New York, October 4, 2006—The Committee to Protect Journalists condemns the three-year prison sentence given today to a critical journalist in Azerbaijan on what local press freedom activists called trumped up drug charges.
Sakit Zakhidov, a prominent reporter and satirist for the daily opposition newspaper Azadlyg, was convicted of drug use by a court in the capital Baku.
“The jailing of Sakit Zakhidov comes amid a widespread crackdown on opposition and independent journalists in Azerbaijan,” said CPJ Executive Director Joel Simon. “We view this drug conviction with extreme skepticism given Zakhidov’s history of critical journalism.”
CPJ wrote to Azerbaijan’s President Ilham Aliyev this week to protest Zakhidov’s prosecution and the government’s onslaught against the press. Read the letter here.
Zakhidov was arrested June 23 and charged with possession of narcotics with intent to sell.
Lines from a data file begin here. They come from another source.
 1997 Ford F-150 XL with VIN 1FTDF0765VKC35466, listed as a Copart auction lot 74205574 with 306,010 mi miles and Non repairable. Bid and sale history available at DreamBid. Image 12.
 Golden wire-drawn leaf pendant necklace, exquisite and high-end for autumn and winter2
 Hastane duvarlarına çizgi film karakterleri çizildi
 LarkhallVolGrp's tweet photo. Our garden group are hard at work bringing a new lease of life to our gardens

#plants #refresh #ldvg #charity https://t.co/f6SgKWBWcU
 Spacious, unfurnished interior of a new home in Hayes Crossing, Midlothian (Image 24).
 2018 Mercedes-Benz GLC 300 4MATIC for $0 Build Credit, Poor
On September 26, the prosecution told the court it could not prove intent to sell, so prosecuted the journalist on the lesser charge of drug use.
The court allowed Zakhidov to speak after he was sentenced. “For some time, the law enforcement agencies planned this operation with the goal of isolating me and stopping me from writing poetry, which mocked government officials,” the Russian-language independent daily Ekho quoted Zakhidov as saying.
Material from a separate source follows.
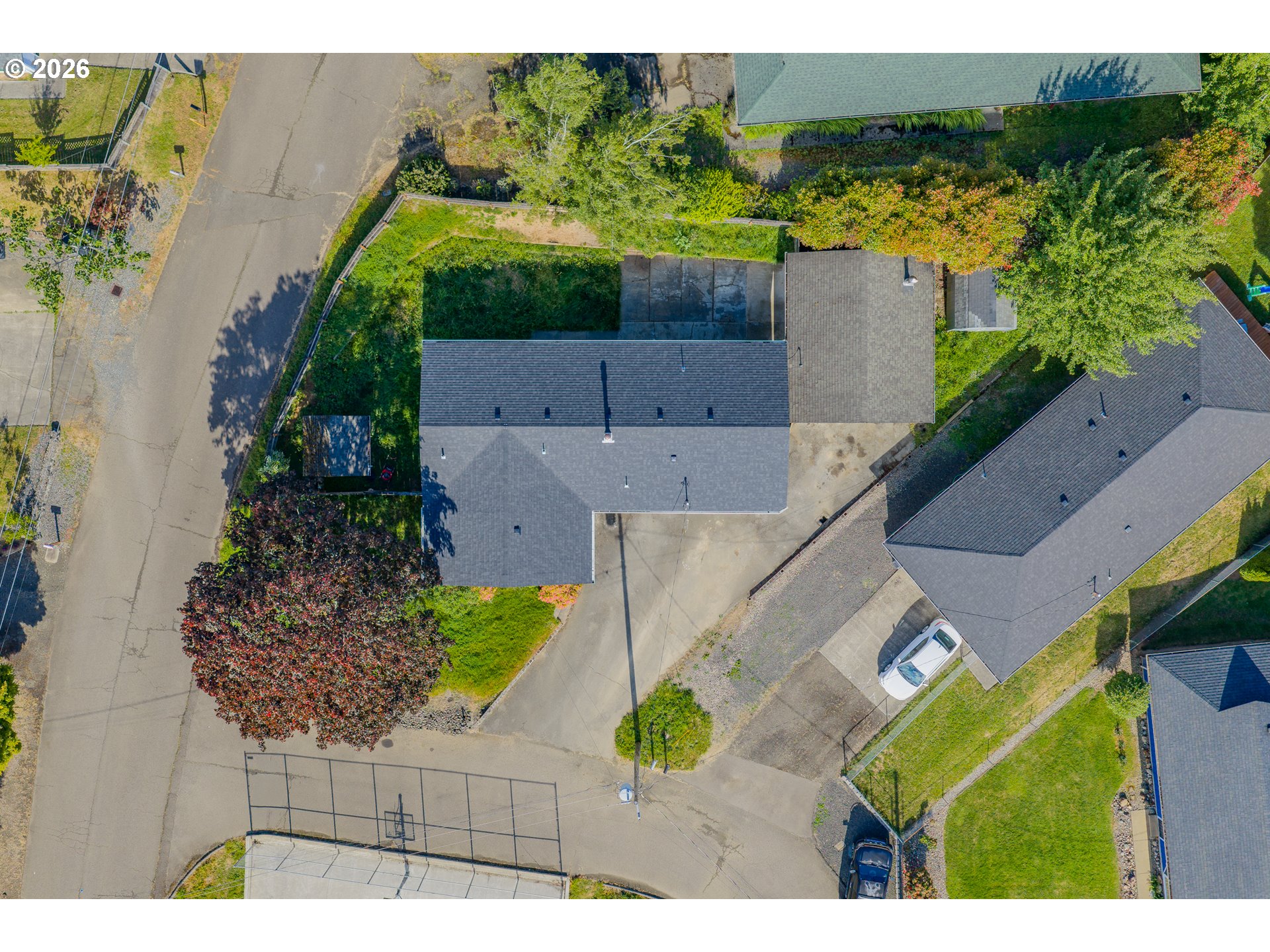 1816 Sunset Court Myrtle Point, OR 97458 - Photo 9 of 42 a view of a garden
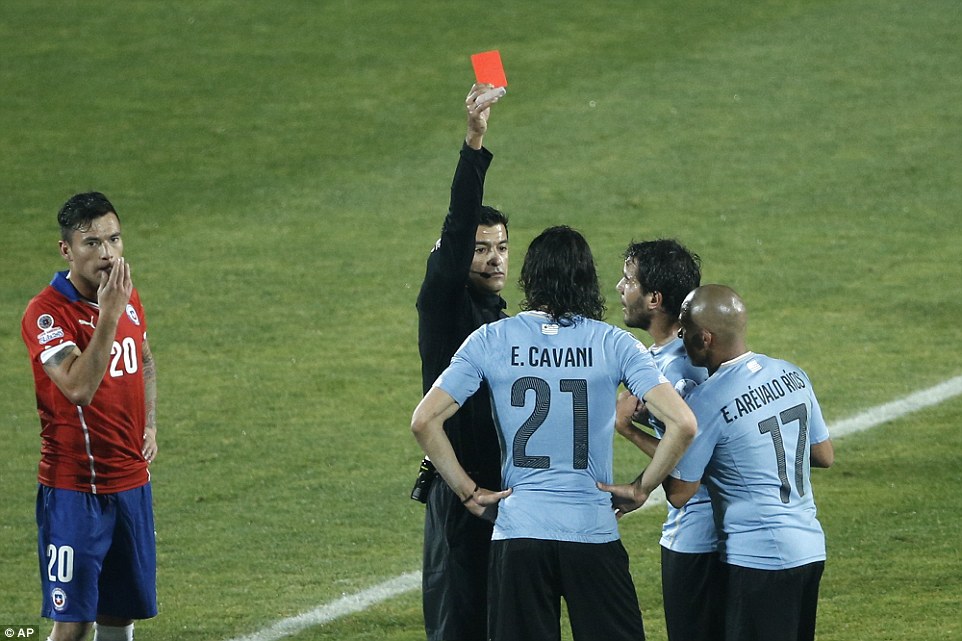 Cavani bị nhận thẻ đỏ oan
Zakhidov said he neither used nor sold drugs. “I have never used drugs. Police officer Adil Alekperov, who led the operation, placed the drugs in my pocket during my arrest,” the Russian online newspaper Kavkazsky Yzel quoted him as saying.
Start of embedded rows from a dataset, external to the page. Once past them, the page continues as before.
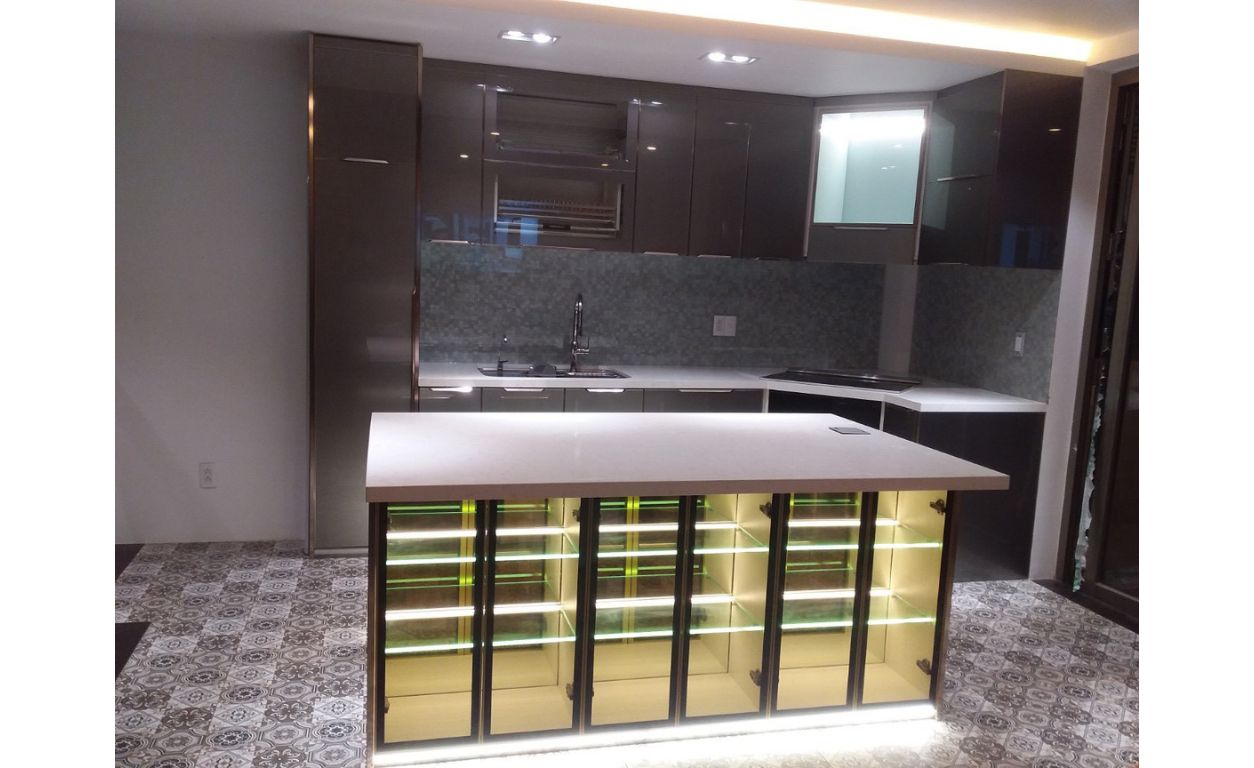 Tủ rượu hợp kim nhôm TR02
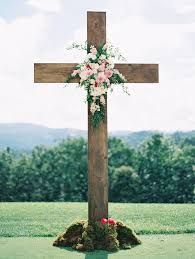 North Carolina Wedding In The Mountains Wedding Ceremony Flowers Wedding Ceremony Decorations Indoor Wedding Ceremony Decorations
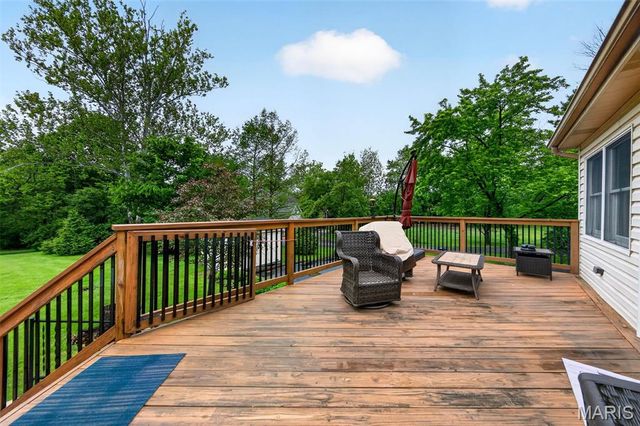 671 Meramec Station Road, Manchester, MO 63021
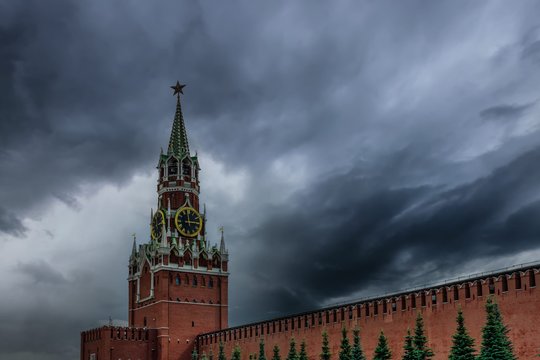 „Debunk.org“: Tuštėjant Gegužės 9-osios tribūnoms, Kremliaus ruporai lieja pyktį ant Baltijos šalių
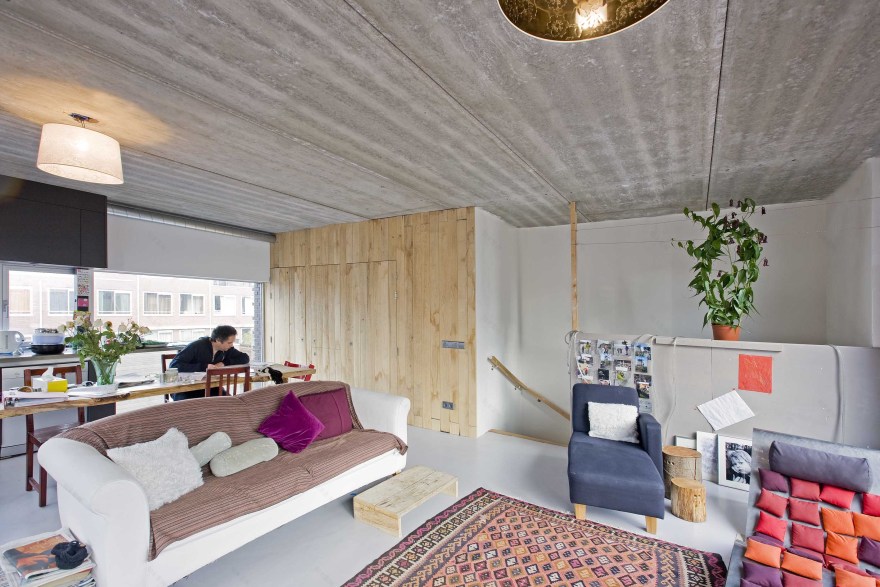 绿意盎然的家 | 垂直花园的室内设计-20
Opposition journalists and human rights activists have formed a group to campaign for Zakhidov’s release, which has appealed to the Council of Europe, and to President Aliyev.
“Those in power are already preparing for the presidential election (in 2008) and are trying to neutralize everyone who could endanger future attempts to commit fraud,” Zakhidov’s brother, Azadlyg editor Ganimad Zakhidov, told Agence France Presse.
Emin Huseynov, chairman of the Committee to Defend the Rights of Sakit Zakhidov, told CPJ that Zakhidov was not receiving treatment in prison for a longstanding heart condition.